ミシガン州立大学政治学部博士課程修了。PhD(政治学)。
欧州大学院マックス・ヴェーバー博士研究員、東北大学大学院情報科学研究科准教授などを経て、現在、東京大学社会科学研究所准教授。
著書 The Dictator's Dilemma at the Ballot Box(ミシガン大学出版局)など。
私は、大学院に入学した2006年から権威主義体制研究をはじめました。当初は、安定した民主主義の実践を誇る先進諸国が今日のような「民主主義の危機」に直面するとは、考えていませんでした。むしろ、自分が生まれ育った環境と大きく異なる(はずの)「別の世界」を深く理解したい、という純粋な知的好奇心から研究テーマを選びました。しかし、政治体制に関する国際指標の多くは、まさに2006年ごろから、それまで30年ほど続いた民主化の世界的潮流が逆転し、「民主主義の後退」がはじまったことを示しています。世界の変化のなかで、私の研究対象に対する思いも徐々に変わっていきました。

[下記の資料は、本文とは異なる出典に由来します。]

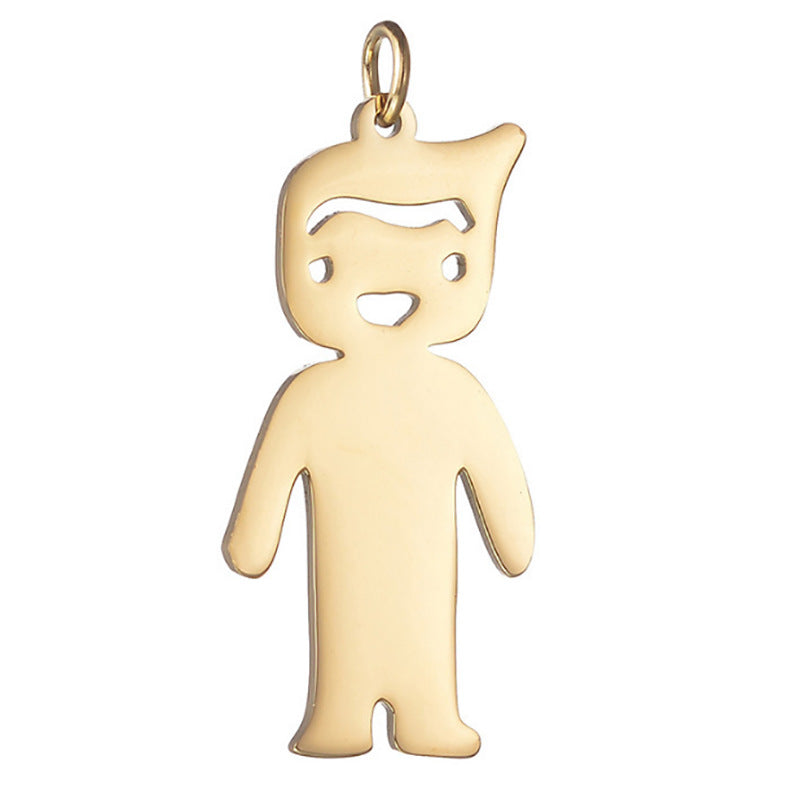 Stainless steel pendant necklace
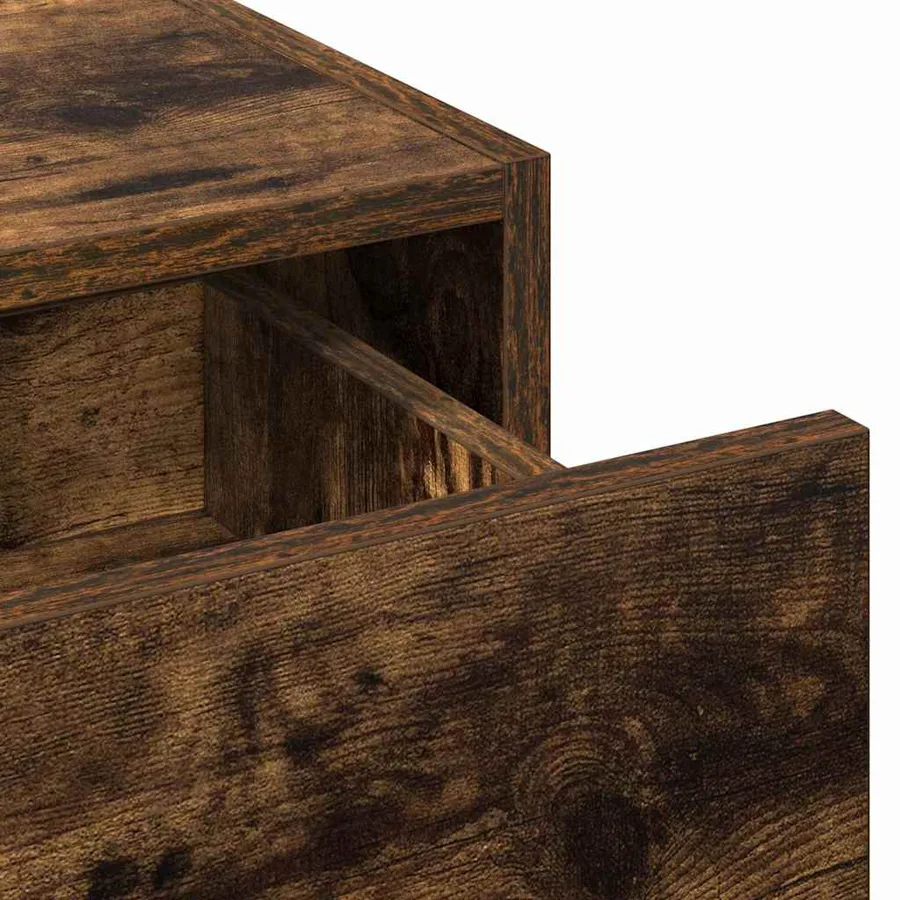 Table de Toilette Marron 83 x 40 x 70 cm Bois d'ingénierie - 9
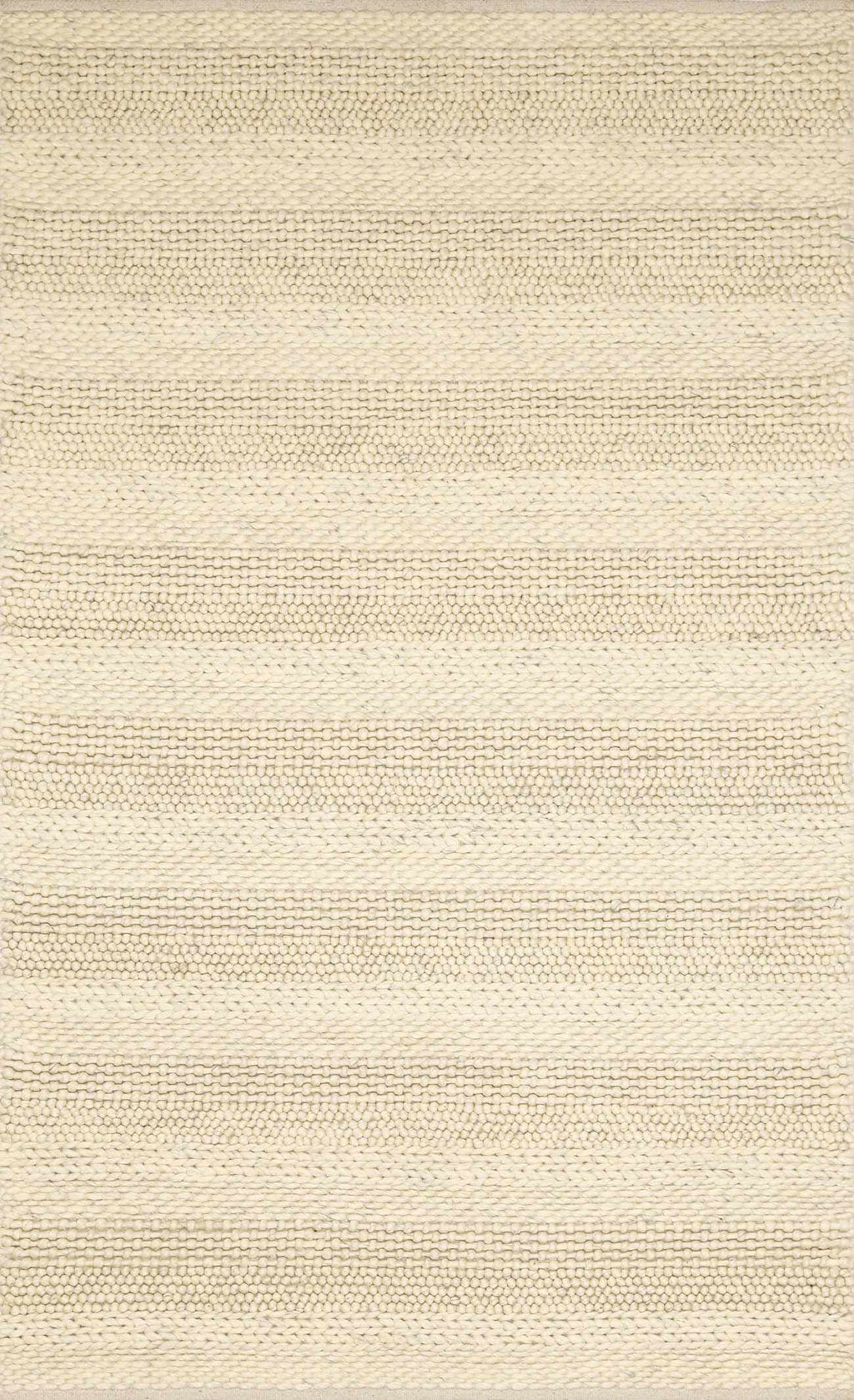 Clarke Beige Textured Wool Rug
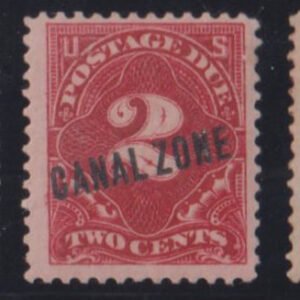 US Possessions - Canal Zone #J1-3 MintHinged F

本書が事例研究の舞台として取り上げたカザフスタンとキルギス共和国では、今日の世界で広くみられる「民主主義の後退」とよく似た現象と政治プロセスが、すでに1990年代前半に観察されていました。1991年のソヴィエト連邦解体後、胎動する政治的自由化と野党の勢力伸長は、90年代半ばごろまでには、野党の締め付け強化、メディアや裁判所の統制、議会不在時の憲法改正による大統領の任期延長と権力集中を経て、徐々に切り崩されていきました。中央アジアを含め、選挙独裁制の国々の経験は、ポピュリズムと権威主義的指導者の台頭に直面する民主主義諸国に多くの示唆をもたらすかもしれません。それまで途上国で独裁制研究をおこなってきた比較政治学者のなかには、「民主主義の後退」に直面する先進国に焦点を当て、いま民主主義世界で一体何が起こっているのか、独裁政治研究の知見を援用しつつ、その核心に迫る研究を生み出す人たちもいます。

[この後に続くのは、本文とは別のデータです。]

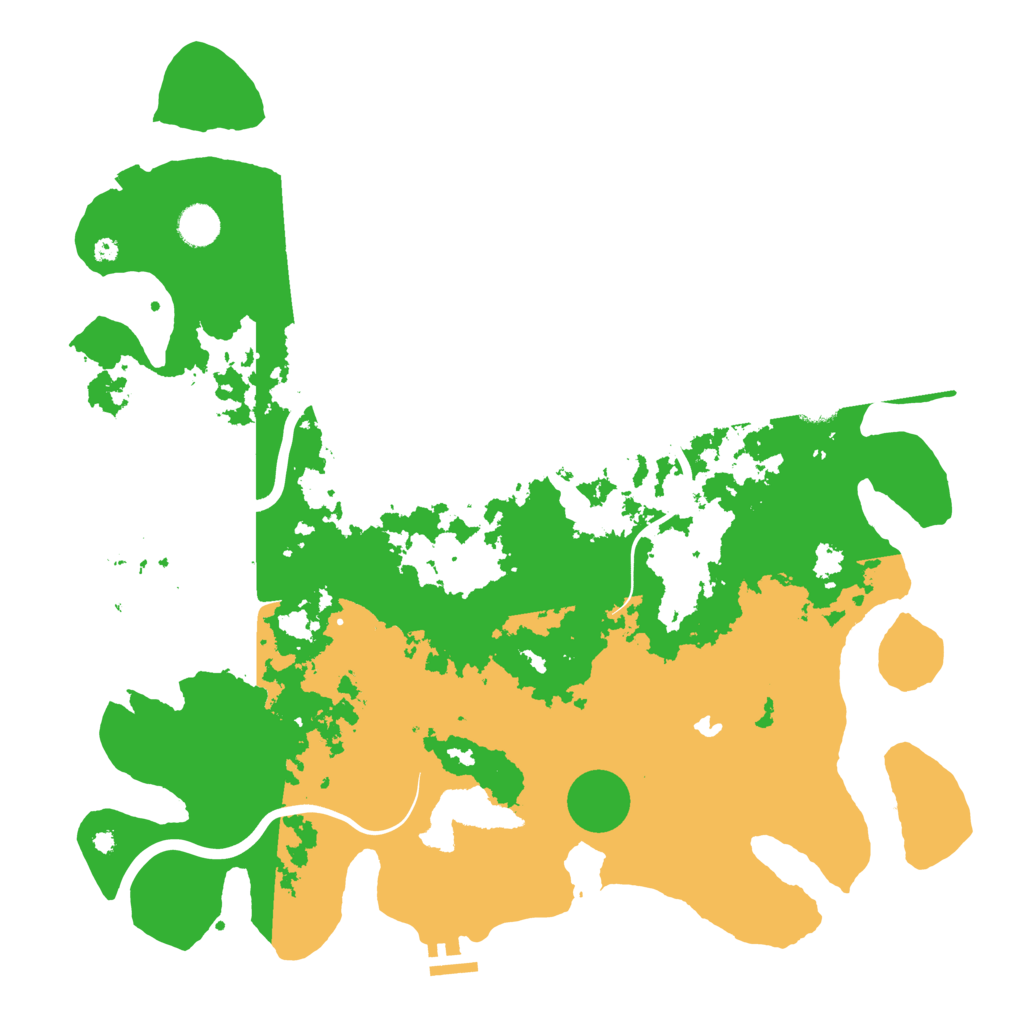 Biome Rust Map: Procedural Map, Size: 4300, Seed: 227849035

本書は、現代の独裁政治を体系的に理解したい、という純粋な知的興味から生まれたものです。しかし、この15年ほどの間にみられた世界の目まぐるしい変化は、研究に対する新たな動機を私のなかに生み出すことにもつながりました。すなわち、権威主義体制の政治を深く知ることは、権威主義の国々に囲まれる日本がどのようにそれらの国々と向き合っていくべきかを考えるうえで必要なだけでなく、私たち自身の民主主義を守り深めていくためにも、無視できない教訓をもたらすのではないか、と。

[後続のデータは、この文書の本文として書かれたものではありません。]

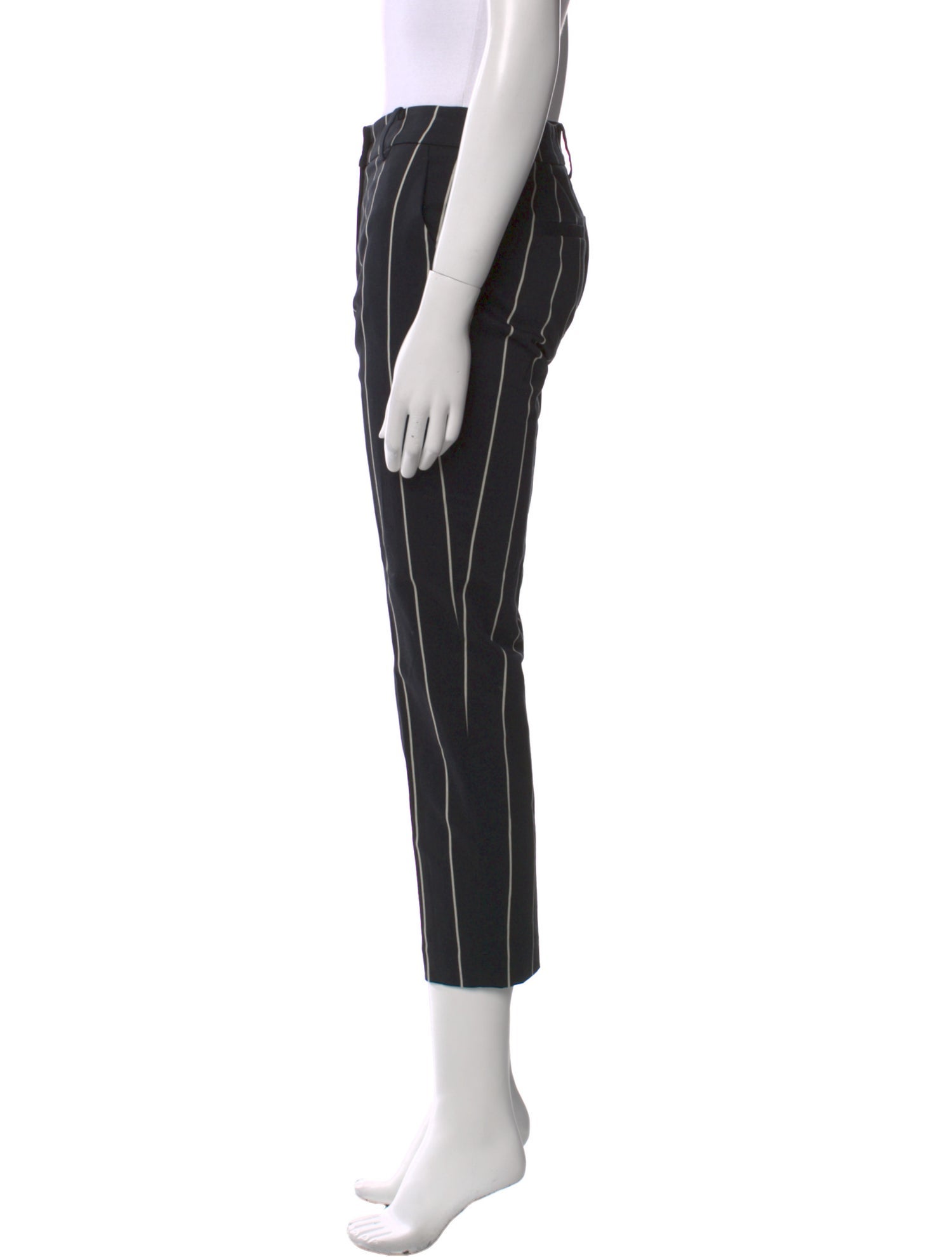 Derek Lam 10 Crosby Striped Straight Leg Pants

これからも権威主義体制の政治を分析して、研究論文や著作を英語で公刊することで世界の政治学コミュニティの発展に貢献していきたいです。同時に、海外の研究者との切磋琢磨のなかで生まれた研究成果を日本語で積極的にアウトリーチすることで、権威主義体制の政治を深く理解することの重要さを日本の読者にも示していければ、と考えています。この度は、そのための大きなきっかけをいただくことができ、大変光栄に感じています。